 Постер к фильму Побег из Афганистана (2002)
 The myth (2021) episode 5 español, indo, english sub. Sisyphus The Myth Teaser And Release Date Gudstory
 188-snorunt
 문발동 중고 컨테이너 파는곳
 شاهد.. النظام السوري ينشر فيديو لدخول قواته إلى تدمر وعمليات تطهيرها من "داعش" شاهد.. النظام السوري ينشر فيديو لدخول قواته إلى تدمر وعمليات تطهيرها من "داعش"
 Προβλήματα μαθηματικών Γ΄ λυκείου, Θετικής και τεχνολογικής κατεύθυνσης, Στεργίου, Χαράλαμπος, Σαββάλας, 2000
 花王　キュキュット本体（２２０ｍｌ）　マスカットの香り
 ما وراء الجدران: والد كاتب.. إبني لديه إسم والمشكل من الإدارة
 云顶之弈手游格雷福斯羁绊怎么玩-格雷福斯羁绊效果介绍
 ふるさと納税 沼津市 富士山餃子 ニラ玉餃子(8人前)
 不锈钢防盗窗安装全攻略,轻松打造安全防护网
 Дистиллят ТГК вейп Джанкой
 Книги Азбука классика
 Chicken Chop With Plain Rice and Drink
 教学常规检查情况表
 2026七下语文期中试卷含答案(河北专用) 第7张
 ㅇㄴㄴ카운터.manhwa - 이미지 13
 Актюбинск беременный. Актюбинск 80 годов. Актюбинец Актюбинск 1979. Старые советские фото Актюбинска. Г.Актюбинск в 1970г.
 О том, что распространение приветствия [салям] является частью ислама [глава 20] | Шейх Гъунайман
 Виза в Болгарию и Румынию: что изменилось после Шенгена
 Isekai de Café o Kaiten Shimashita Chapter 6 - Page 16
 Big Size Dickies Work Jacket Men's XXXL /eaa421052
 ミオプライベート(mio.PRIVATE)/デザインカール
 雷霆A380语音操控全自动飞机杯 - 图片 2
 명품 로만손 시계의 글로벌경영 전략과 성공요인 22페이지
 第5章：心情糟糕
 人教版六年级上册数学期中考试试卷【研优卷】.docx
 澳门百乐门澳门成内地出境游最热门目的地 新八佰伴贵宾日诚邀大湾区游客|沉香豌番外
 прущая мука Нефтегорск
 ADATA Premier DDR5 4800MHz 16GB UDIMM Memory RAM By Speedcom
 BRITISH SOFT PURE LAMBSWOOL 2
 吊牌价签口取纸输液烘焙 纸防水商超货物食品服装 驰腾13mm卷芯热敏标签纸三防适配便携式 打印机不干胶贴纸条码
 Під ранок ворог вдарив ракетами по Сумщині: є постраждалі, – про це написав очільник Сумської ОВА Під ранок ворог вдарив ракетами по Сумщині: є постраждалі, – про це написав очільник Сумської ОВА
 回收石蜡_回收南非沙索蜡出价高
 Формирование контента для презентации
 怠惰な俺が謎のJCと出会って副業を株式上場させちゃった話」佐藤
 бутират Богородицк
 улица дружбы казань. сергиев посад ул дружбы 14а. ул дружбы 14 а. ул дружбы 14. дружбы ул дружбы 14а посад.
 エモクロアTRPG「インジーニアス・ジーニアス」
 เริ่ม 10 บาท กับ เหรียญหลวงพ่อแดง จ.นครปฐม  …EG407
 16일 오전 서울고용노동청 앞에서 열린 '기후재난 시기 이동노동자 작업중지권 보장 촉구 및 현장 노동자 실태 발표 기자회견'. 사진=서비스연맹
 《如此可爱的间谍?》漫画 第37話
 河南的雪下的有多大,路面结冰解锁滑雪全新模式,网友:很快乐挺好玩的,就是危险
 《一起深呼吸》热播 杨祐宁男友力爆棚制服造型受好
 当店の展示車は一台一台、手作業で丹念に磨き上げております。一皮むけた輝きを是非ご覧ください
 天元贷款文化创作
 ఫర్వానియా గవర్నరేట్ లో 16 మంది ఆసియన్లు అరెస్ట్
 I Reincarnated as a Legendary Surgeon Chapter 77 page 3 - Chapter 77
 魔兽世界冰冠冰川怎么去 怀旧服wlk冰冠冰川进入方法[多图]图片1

================================

What is needed is an exact copy of the entries above, from the first line through the line holding "吊牌价签口取纸输液烘焙 纸防水商超货物食品服装 驰腾13mm卷芯热敏标签纸三防适配便携式", with both of those lines kept; please give nothing else.

 Постер к фильму Побег из Афганистана (2002)
 The myth (2021) episode 5 español, indo, english sub. Sisyphus The Myth Teaser And Release Date Gudstory
 188-snorunt
 문발동 중고 컨테이너 파는곳
 شاهد.. النظام السوري ينشر فيديو لدخول قواته إلى تدمر وعمليات تطهيرها من "داعش" شاهد.. النظام السوري ينشر فيديو لدخول قواته إلى تدمر وعمليات تطهيرها من "داعش"
 Προβλήματα μαθηματικών Γ΄ λυκείου, Θετικής και τεχνολογικής κατεύθυνσης, Στεργίου, Χαράλαμπος, Σαββάλας, 2000
 花王　キュキュット本体（２２０ｍｌ）　マスカットの香り
 ما وراء الجدران: والد كاتب.. إبني لديه إسم والمشكل من الإدارة
 云顶之弈手游格雷福斯羁绊怎么玩-格雷福斯羁绊效果介绍
 ふるさと納税 沼津市 富士山餃子 ニラ玉餃子(8人前)
 不锈钢防盗窗安装全攻略,轻松打造安全防护网
 Дистиллят ТГК вейп Джанкой
 Книги Азбука классика
 Chicken Chop With Plain Rice and Drink
 教学常规检查情况表
 2026七下语文期中试卷含答案(河北专用) 第7张
 ㅇㄴㄴ카운터.manhwa - 이미지 13
 Актюбинск беременный. Актюбинск 80 годов. Актюбинец Актюбинск 1979. Старые советские фото Актюбинска. Г.Актюбинск в 1970г.
 О том, что распространение приветствия [салям] является частью ислама [глава 20] | Шейх Гъунайман
 Виза в Болгарию и Румынию: что изменилось после Шенгена
 Isekai de Café o Kaiten Shimashita Chapter 6 - Page 16
 Big Size Dickies Work Jacket Men's XXXL /eaa421052
 ミオプライベート(mio.PRIVATE)/デザインカール
 雷霆A380语音操控全自动飞机杯 - 图片 2
 명품 로만손 시계의 글로벌경영 전략과 성공요인 22페이지
 第5章：心情糟糕
 人教版六年级上册数学期中考试试卷【研优卷】.docx
 澳门百乐门澳门成内地出境游最热门目的地 新八佰伴贵宾日诚邀大湾区游客|沉香豌番外
 прущая мука Нефтегорск
 ADATA Premier DDR5 4800MHz 16GB UDIMM Memory RAM By Speedcom
 BRITISH SOFT PURE LAMBSWOOL 2
 吊牌价签口取纸输液烘焙 纸防水商超货物食品服装 驰腾13mm卷芯热敏标签纸三防适配便携式 打印机不干胶贴纸条码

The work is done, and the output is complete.